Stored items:
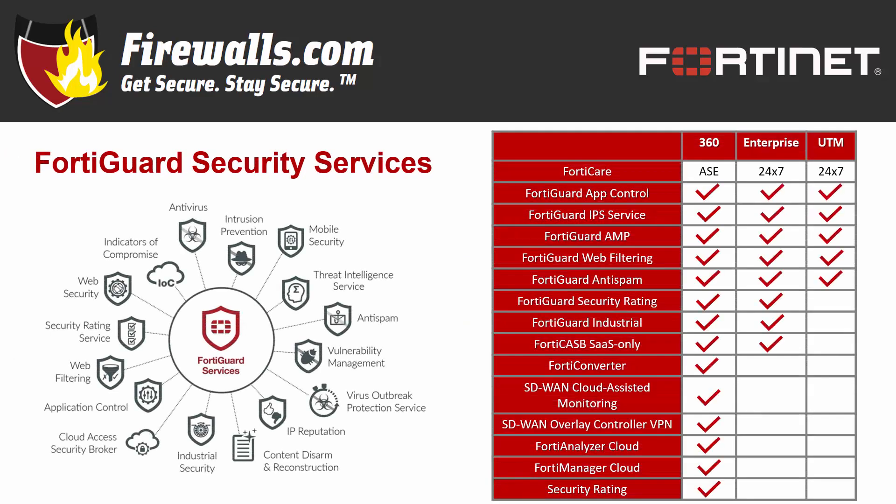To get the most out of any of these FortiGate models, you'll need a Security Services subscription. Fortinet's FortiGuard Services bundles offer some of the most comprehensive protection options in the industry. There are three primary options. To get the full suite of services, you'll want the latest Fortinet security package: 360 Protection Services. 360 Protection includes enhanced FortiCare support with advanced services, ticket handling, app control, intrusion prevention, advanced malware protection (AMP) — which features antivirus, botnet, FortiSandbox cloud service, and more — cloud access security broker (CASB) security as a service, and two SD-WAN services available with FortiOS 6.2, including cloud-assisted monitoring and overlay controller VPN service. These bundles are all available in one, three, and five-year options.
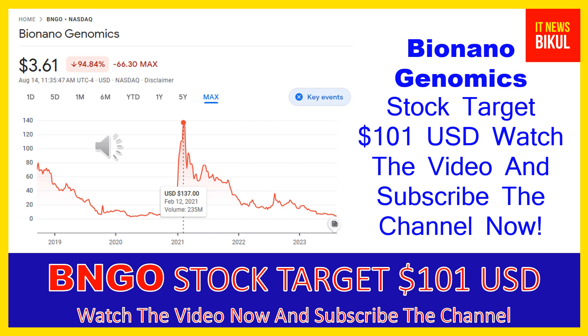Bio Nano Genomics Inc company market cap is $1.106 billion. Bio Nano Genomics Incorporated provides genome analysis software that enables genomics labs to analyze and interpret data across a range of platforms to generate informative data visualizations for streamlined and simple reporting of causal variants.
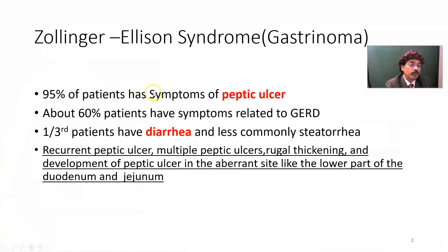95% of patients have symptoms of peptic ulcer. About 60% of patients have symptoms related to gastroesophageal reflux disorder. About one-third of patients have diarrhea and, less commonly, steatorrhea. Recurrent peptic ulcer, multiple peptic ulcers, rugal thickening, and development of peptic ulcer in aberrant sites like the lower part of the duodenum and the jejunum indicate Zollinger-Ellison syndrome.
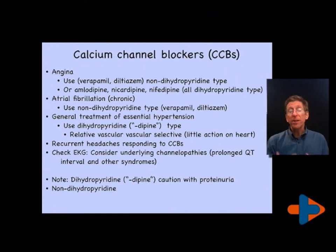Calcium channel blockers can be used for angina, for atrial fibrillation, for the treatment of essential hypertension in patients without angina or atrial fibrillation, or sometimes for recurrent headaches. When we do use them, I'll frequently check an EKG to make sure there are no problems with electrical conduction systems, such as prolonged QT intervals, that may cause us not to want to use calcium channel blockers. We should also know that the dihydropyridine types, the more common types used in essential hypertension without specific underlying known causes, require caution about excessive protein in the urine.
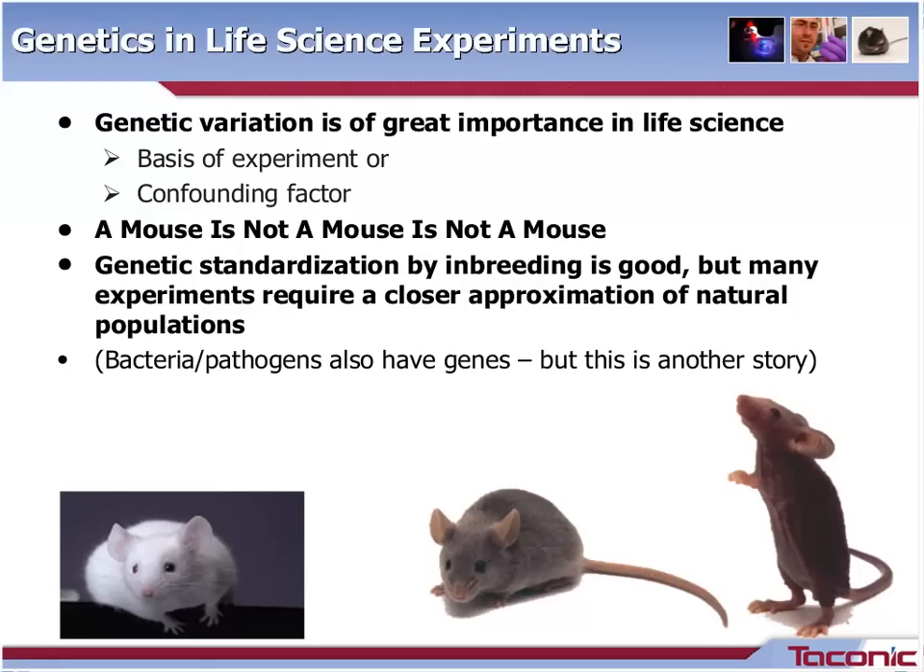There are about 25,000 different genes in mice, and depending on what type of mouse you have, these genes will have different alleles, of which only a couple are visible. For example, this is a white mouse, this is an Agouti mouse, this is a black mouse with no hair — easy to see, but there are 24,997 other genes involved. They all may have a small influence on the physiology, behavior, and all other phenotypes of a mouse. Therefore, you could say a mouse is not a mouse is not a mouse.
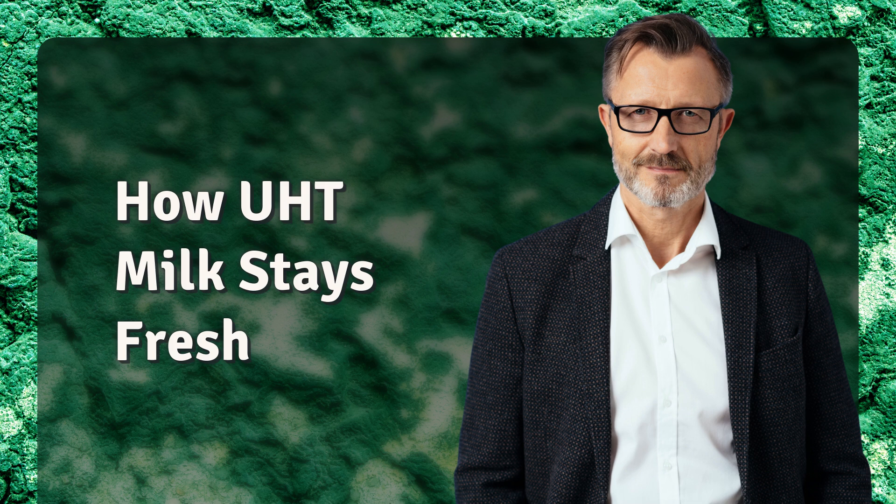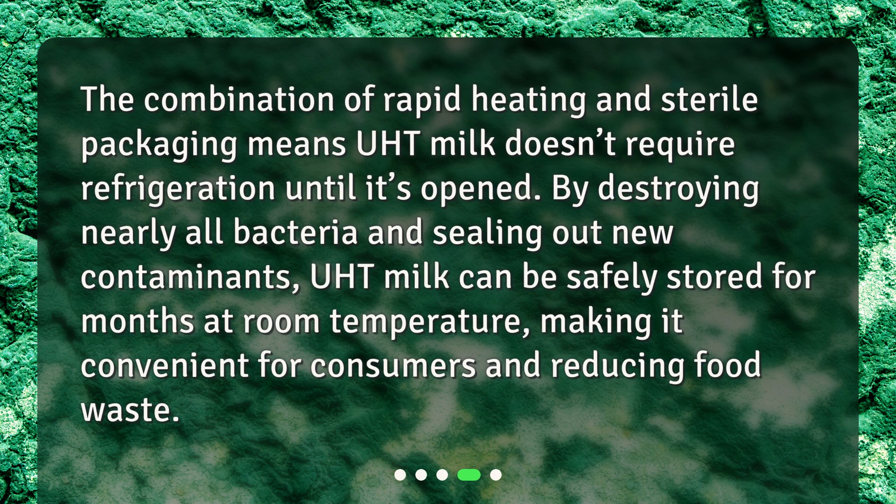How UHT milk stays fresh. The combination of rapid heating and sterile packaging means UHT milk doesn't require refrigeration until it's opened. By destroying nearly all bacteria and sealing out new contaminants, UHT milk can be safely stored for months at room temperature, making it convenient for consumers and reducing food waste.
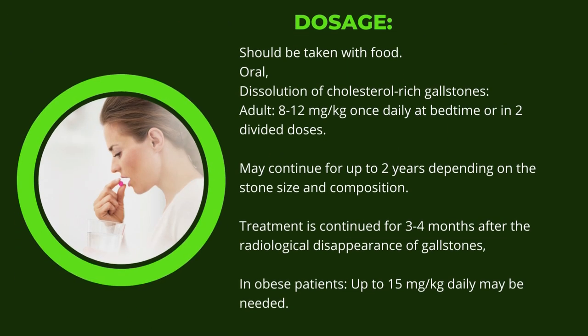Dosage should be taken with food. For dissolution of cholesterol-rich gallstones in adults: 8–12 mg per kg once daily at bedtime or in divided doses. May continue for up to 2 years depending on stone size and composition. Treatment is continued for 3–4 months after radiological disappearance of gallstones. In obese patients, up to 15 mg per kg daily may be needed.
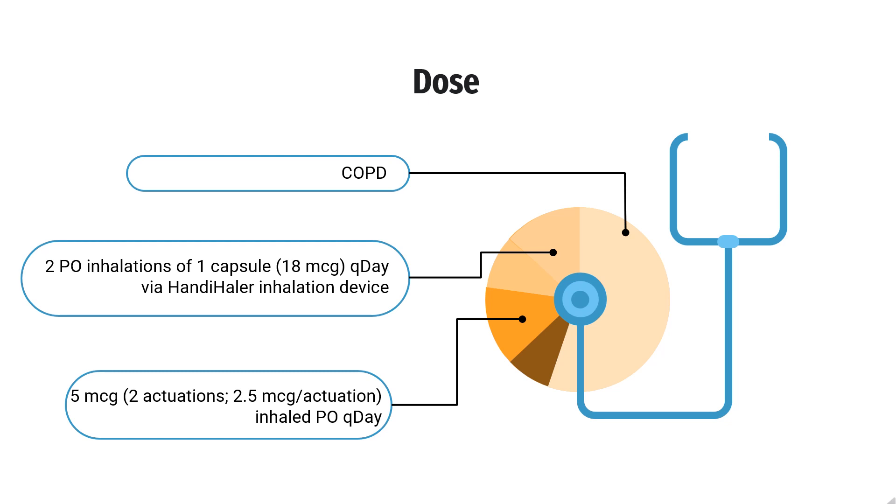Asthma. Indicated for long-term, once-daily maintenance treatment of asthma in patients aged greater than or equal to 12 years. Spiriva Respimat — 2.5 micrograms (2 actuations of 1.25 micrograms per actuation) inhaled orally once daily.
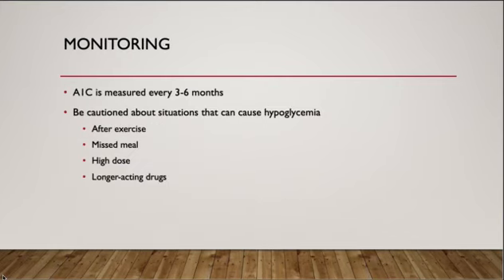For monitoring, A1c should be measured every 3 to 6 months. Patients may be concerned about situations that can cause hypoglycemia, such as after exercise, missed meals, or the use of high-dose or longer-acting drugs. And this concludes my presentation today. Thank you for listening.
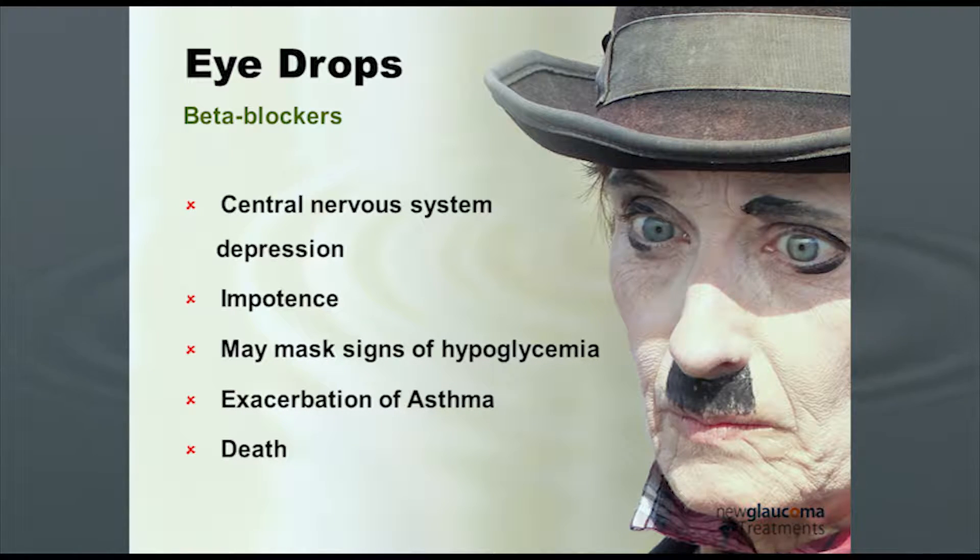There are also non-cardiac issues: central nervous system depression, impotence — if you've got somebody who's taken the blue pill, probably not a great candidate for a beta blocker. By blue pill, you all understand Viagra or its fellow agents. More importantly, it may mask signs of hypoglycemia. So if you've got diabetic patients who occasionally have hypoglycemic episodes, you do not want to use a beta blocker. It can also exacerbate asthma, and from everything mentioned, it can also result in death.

• [Your assignment]
Please ensure that the data above is repeated exactly, with no pictures in the copy.

• [Solution to this exercise]
To get the most out of any of these FortiGate models, you'll need a Security Services subscription. Fortinet's FortiGuard Services bundles offer some of the most comprehensive protection options in the industry. There are three primary options. To get the full suite of services, you'll want the latest Fortinet security package: 360 Protection Services. 360 Protection includes enhanced FortiCare support with advanced services, ticket handling, app control, intrusion prevention, advanced malware protection (AMP) — which features antivirus, botnet, FortiSandbox cloud service, and more — cloud access security broker (CASB) security as a service, and two SD-WAN services available with FortiOS 6.2, including cloud-assisted monitoring and overlay controller VPN service. These bundles are all available in one, three, and five-year options.
Bio Nano Genomics Inc company market cap is $1.106 billion. Bio Nano Genomics Incorporated provides genome analysis software that enables genomics labs to analyze and interpret data across a range of platforms to generate informative data visualizations for streamlined and simple reporting of causal variants.
95% of patients have symptoms of peptic ulcer. About 60% of patients have symptoms related to gastroesophageal reflux disorder. About one-third of patients have diarrhea and, less commonly, steatorrhea. Recurrent peptic ulcer, multiple peptic ulcers, rugal thickening, and development of peptic ulcer in aberrant sites like the lower part of the duodenum and the jejunum indicate Zollinger-Ellison syndrome.
Calcium channel blockers can be used for angina, for atrial fibrillation, for the treatment of essential hypertension in patients without angina or atrial fibrillation, or sometimes for recurrent headaches. When we do use them, I'll frequently check an EKG to make sure there are no problems with electrical conduction systems, such as prolonged QT intervals, that may cause us not to want to use calcium channel blockers. We should also know that the dihydropyridine types, the more common types used in essential hypertension without specific underlying known causes, require caution about excessive protein in the urine.
There are about 25,000 different genes in mice, and depending on what type of mouse you have, these genes will have different alleles, of which only a couple are visible. For example, this is a white mouse, this is an Agouti mouse, this is a black mouse with no hair — easy to see, but there are 24,997 other genes involved. They all may have a small influence on the physiology, behavior, and all other phenotypes of a mouse. Therefore, you could say a mouse is not a mouse is not a mouse.
How UHT milk stays fresh. The combination of rapid heating and sterile packaging means UHT milk doesn't require refrigeration until it's opened. By destroying nearly all bacteria and sealing out new contaminants, UHT milk can be safely stored for months at room temperature, making it convenient for consumers and reducing food waste.
Dosage should be taken with food. For dissolution of cholesterol-rich gallstones in adults: 8–12 mg per kg once daily at bedtime or in divided doses. May continue for up to 2 years depending on stone size and composition. Treatment is continued for 3–4 months after radiological disappearance of gallstones. In obese patients, up to 15 mg per kg daily may be needed.
Asthma. Indicated for long-term, once-daily maintenance treatment of asthma in patients aged greater than or equal to 12 years. Spiriva Respimat — 2.5 micrograms (2 actuations of 1.25 micrograms per actuation) inhaled orally once daily.
For monitoring, A1c should be measured every 3 to 6 months. Patients may be concerned about situations that can cause hypoglycemia, such as after exercise, missed meals, or the use of high-dose or longer-acting drugs. And this concludes my presentation today. Thank you for listening.
There are also non-cardiac issues: central nervous system depression, impotence — if you've got somebody who's taken the blue pill, probably not a great candidate for a beta blocker. By blue pill, you all understand Viagra or its fellow agents. More importantly, it may mask signs of hypoglycemia. So if you've got diabetic patients who occasionally have hypoglycemic episodes, you do not want to use a beta blocker. It can also exacerbate asthma, and from everything mentioned, it can also result in death.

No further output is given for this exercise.